Baseline DLC sequence parameters.

Preheating / Precool	Setup / Setback	Winter DLC parameters			Summer DLC parameters
Preheating / Precool	Setup / Setback	ΔT_ph (°C)	Δt_ph (h)	ΔT_sb (°C)	ΔT_pc1 (°C)	Δt_pc1 (h)	ΔT_su1 (°C)	ΔT_pc2 (°C)	Δt_pc2 (h)	ΔT_su2 (°C)
None	None	0	0	0	0	0	0	0	0	0
Low	Low	2	1	1	2	1	1	1	1	1
Medium	Medium	4	2	2	4	2	2	2	2	2
High	High	6	3	3	6	3	3	3	3	3
None	Low	0	0	1	0	0	1	0	0	1
None	Medium	0	0	2	0	0	2	0	0	2
None	High	0	0	3	0	0	3	0	0	3

Optimization algorithm for DLC sequence derivation

A metaheuristic search algorithm, differential evolution method,³⁶ was employed to estimate the nine DLC sequence parameters minimizing the following cost function:

f (x) = C_{e l e c} \cdot (1 + {(f_{d i s c o m f o r t})}^{2})

(1)

where x is an array containing the DLC sequence parameters, C_elec ($) is the annual electricity cost for HVAC, and f_discomfort is the percentage of time spent outside low and high limits of comfort defined in Table 1. Notably, the cost reduces to the cost of electricity when f_discomfort is zero. The parenthetical discomfort term implies that the cost of electricity is inflated by 1% when f_discomfort is 1%, by 9% when f_discomfort is 3%, and by 100% when f_discomfort is 10%. Simply put, the quadratically increasing comfort-based penalty is designed to minimize the risk of comfort violations. The differential evolution method was used as implemented in Python’s scipy package v1.12.0.³⁷ The population size and number of generations were set as 72 and six, respectively. These hyperparameters were selected by iteratively increasing the population size and number of generations with one of the 36 variant models. This process was intended to balance the runtime and the repeatability of the results. The simulations were carried out by using the EnergyPlus Python API. The nine DLC parameters were then searched within the upper and lower bounds defined in Table 3.

Table 3.

Upper and lower limits for the DLC sequence parameters for the optimization algorithm.

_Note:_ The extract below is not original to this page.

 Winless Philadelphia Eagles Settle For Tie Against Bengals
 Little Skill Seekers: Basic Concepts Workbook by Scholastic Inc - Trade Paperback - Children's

	Winter DLC parameters			Summer DLC parameters
	ΔT_ph (°C)	Δt_ph (h)	ΔT_sb (°C)	ΔT_pc1 (°C)	Δt_pc1 (h)	ΔT_su1 (°C)	ΔT_pc2 (°C)	Δt_pc2 (h)	ΔT_su2 (°C)
Lower limit	0	0	0	0	0	0	0	0	0
Upper limit	6	3	3	6	3	3	3	3	3

Results and discussion

Figure 5 presents the evolution of the objective (i.e., cost defined in Equation (1)), the electricity cost, and the f_discomfort term in multiple generations for the variant with high-performing envelope, oversized HVAC, and tolerant & warmer temperature preferring occupant scenarios. Each boxplot is an outcome of 72 simulations with various DLC sequence parameters. The results indicate that the median objective value of each generation iteratively reduces for the first five generations through resampling of high-performing DLC sequences. Similarly, the median electricity cost and f_discomfort values slowly improved across multiple generations. Because of mutation and crossover, the diversity among the 72 members was largely retained after six generations. This diversity was essential to minimize the risk of getting stuck in a local minimum. The evolution patterns observed with the other variants were similar – that is, the median of the objective stopped improving in either the fourth or fifth generations. Thus, similar graphs were not included to avoid repetition.

Figure 5.

Evolution of the objective function, annual electricity cost and fraction of times spent outside low and high limits of comfort for the variant with high-performing envelope, oversized HVAC, and tolerant & warmer temperatures preferring occupants.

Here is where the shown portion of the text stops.